Goal of the exercise =>
Only the pictures should be left out; write out all other data exactly.

Input data =>
=== Section Start ===
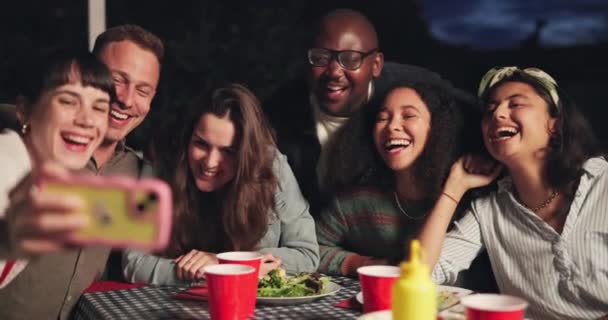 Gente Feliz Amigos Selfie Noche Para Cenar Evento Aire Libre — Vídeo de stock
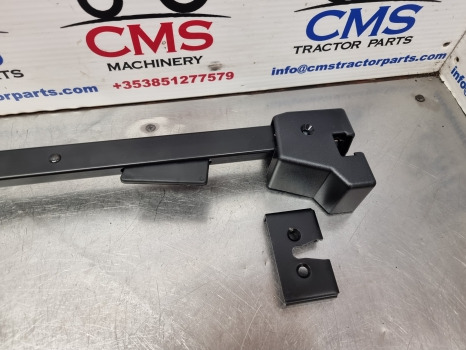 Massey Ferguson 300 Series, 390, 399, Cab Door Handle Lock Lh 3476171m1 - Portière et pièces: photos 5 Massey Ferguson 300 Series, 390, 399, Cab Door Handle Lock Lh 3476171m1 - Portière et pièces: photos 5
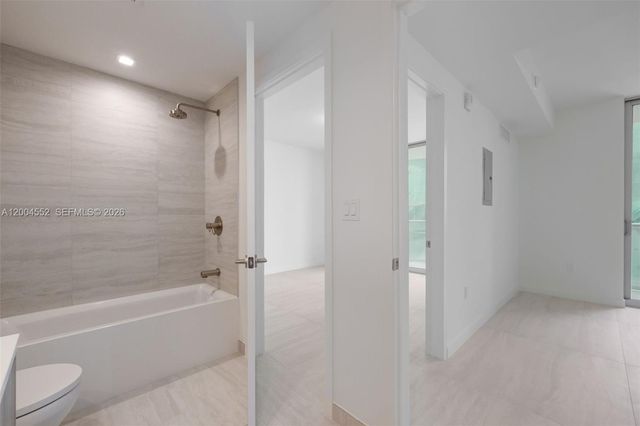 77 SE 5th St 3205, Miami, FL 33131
=== Section End ===
The answer =>
 Gente Feliz Amigos Selfie Noche Para Cenar Evento Aire Libre — Vídeo de stock
 Massey Ferguson 300 Series, 390, 399, Cab Door Handle Lock Lh 3476171m1 - Portière et pièces: photos 5 Massey Ferguson 300 Series, 390, 399, Cab Door Handle Lock Lh 3476171m1 - Portière et pièces: photos 5
 77 SE 5th St 3205, Miami, FL 33131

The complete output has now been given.